Une autre étude met en évidence l’impact des microparticules sur la reproduction de certaines espèces marines (Sussarellu et al.2016). L’huître creuse, par exemple, confond ces éléments avec sa nourriture habituelle, le phytoplancton. Or, en ingérant des fragments microscopiques de plastiques, elle doit filtrer une plus grande quantité d’eau pour avoir sa ration alimentaire. Cet effort supplémentaire pour se nourrir perturbe la capacité de reproduction de l’huître. A plus grande échelle, cela pourrait être dévastateur pour la biodiversité marine.    

 

Déchets plastiques expédiés à l’étranger, nouveau péril pour les mers et océans

La majorité des plastiques qui se retrouve dans les mers et les océans est transportée loin depuis l'amont par les rivières et les fleuves. Le cas de la Chine et des déchets plastiques charriés par les eaux du fleuve Changjiang et se déversant dans la mer Jaune n’est malheureusement pas une exception. Cette situation est même de plus en plus fréquente :

aujourd'hui près de 80 % des déchets plastiques polluant les océans proviennent des cours d’eau selon les estimations.

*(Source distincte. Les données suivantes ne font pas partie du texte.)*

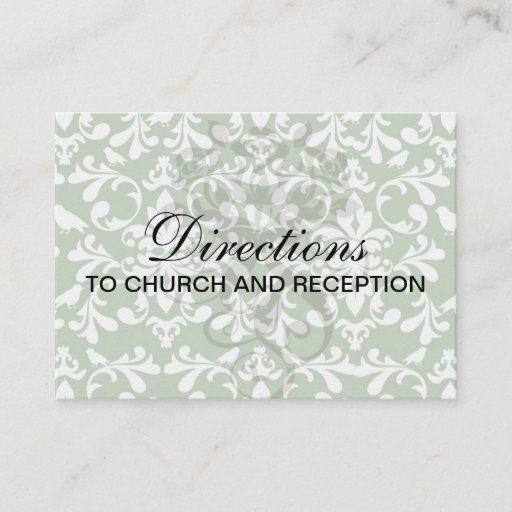 Customizable green and white bird damask pattern business card template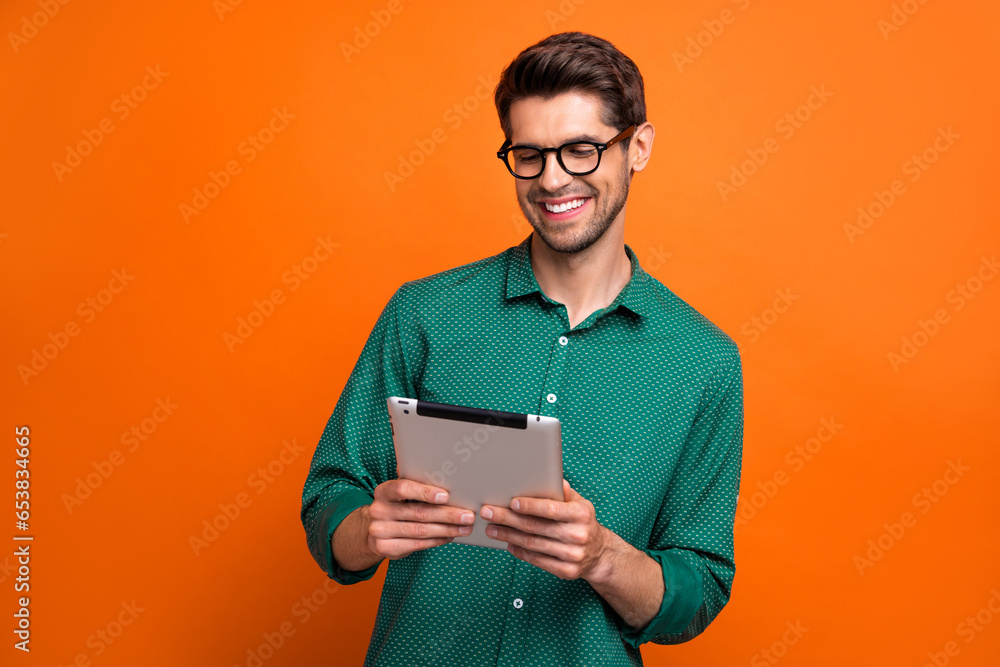 Poster photo of young intelligent businessman browsing tablet device analysis data information news changin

Lorsque l’objectif est d’inverser cette tendance préoccupante, une organisation plus efficace de la gestion mondiale des déchets plastiques est indispensable. Depuis 2018, année où la Chine s’est opposée à l’accueil des déchets plastiques sur son territoire, la situation a empiré, laissant craindre une augmentation de la pollution dans les océans. En effet, plusieurs pays asiatiques et africains se sont positionnés pour accueillir les déchets plastiques, alors que leurs techniques et leurs capacités de recyclage sont plus faibles et moins efficaces que celles des Chinois.

Expédier des déchets plastiques hors des frontières et vers des pays lointains n’est donc pas la solution. 

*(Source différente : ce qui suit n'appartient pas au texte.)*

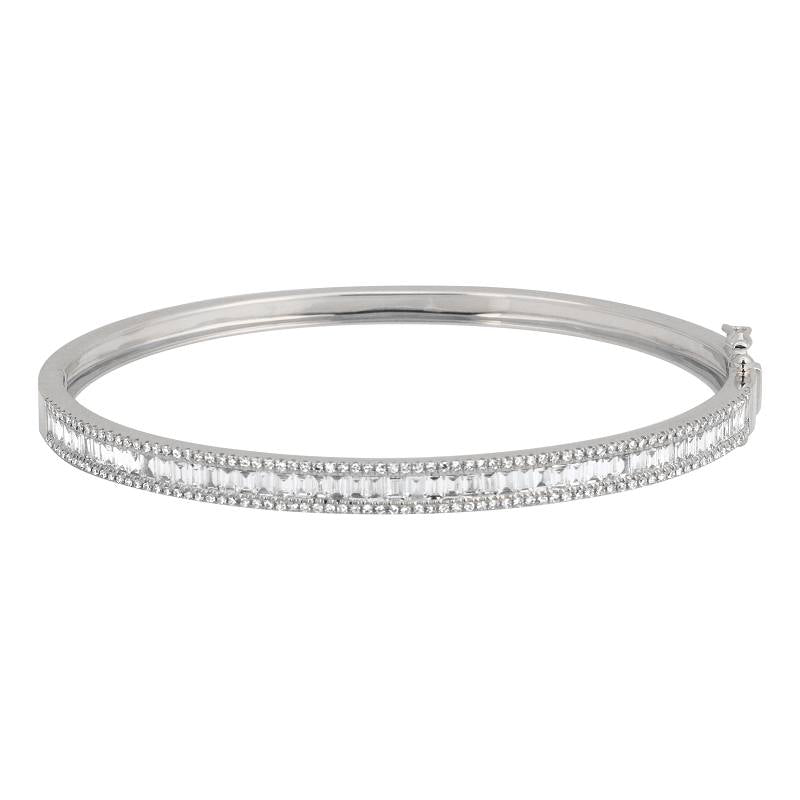 14K White Gold Baguette Diamond Bangle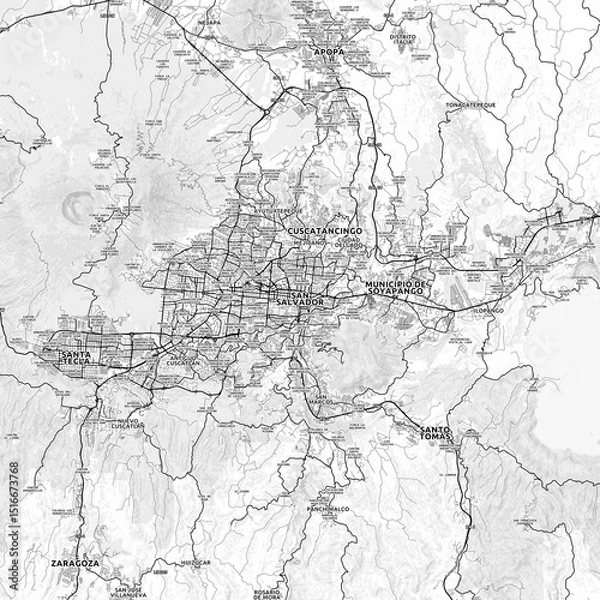Fototapeta San Salvador Area Map with Labels and Neighborhoods - One color, minimalistic design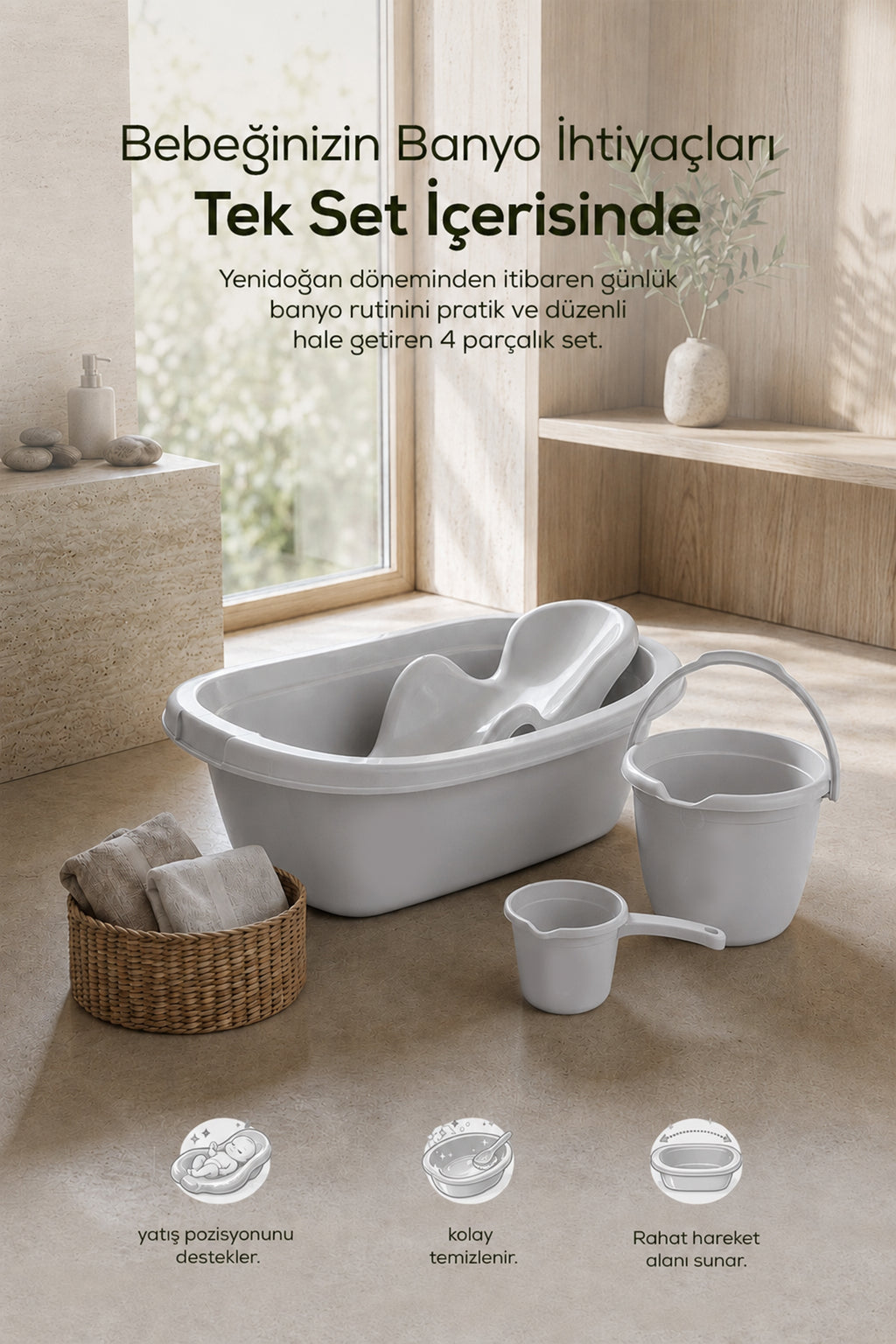 4'lü Bebek Banyo Seti Vakum Tabanlı wumboo-color-gri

Aucune garantie n’existe en effet aujourd’hui quant au traitement et recyclage de ces déchets de matières plastiques envoyés à l’étranger. 

En l’absence de transparence sur la suite qui leur est réservée, plusieurs risques demeurent comme les dépôts sauvages près des cours d’eau entraînant facilement leur déversement dans les océans.

 

Quelles solutions contre les déchets plastiques ?

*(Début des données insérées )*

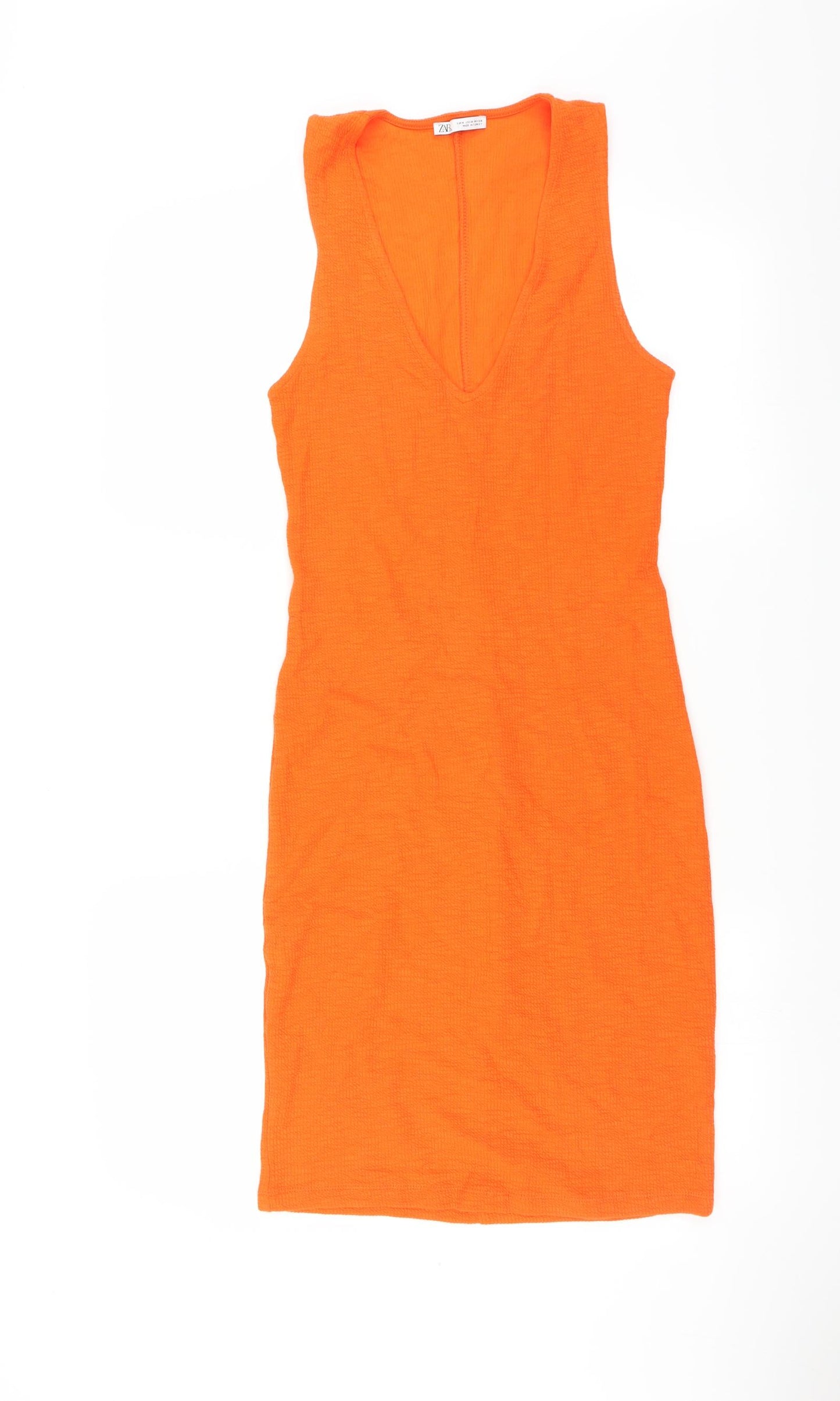 Zara Womens Orange   Tank Dress  Size M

L’élimination d’un bloc de détritus s’étendant sur plus de 1,6 million de km² exige la coopération des États riverains et d’immenses investissements. Interdire le rejet de plastique dans les mers, comme les États-Unis le font déjà, est déjà un geste fort, mais insuffisant. La lutte contre cette forme de pollution passe par une révision draconienne du modèle de consommation des pays concernés.

Les solutions les plus évidentes, mais loin d’être les plus faciles, résident dans l’abandon du plastique à usage unique et l’institutionnalisation du recyclage

Limiter plastique

Sachant que la production de plastique n’a de cesse d’augmenter, la quantité de déchets non bio-dégradables déversés dans les océans risque de doubler d’ici à 2025. Il est donc plus qu’urgent d’agir sur le fléau des plastiques marins, en particulier sur le vortex GPGP du Pacifique Nord.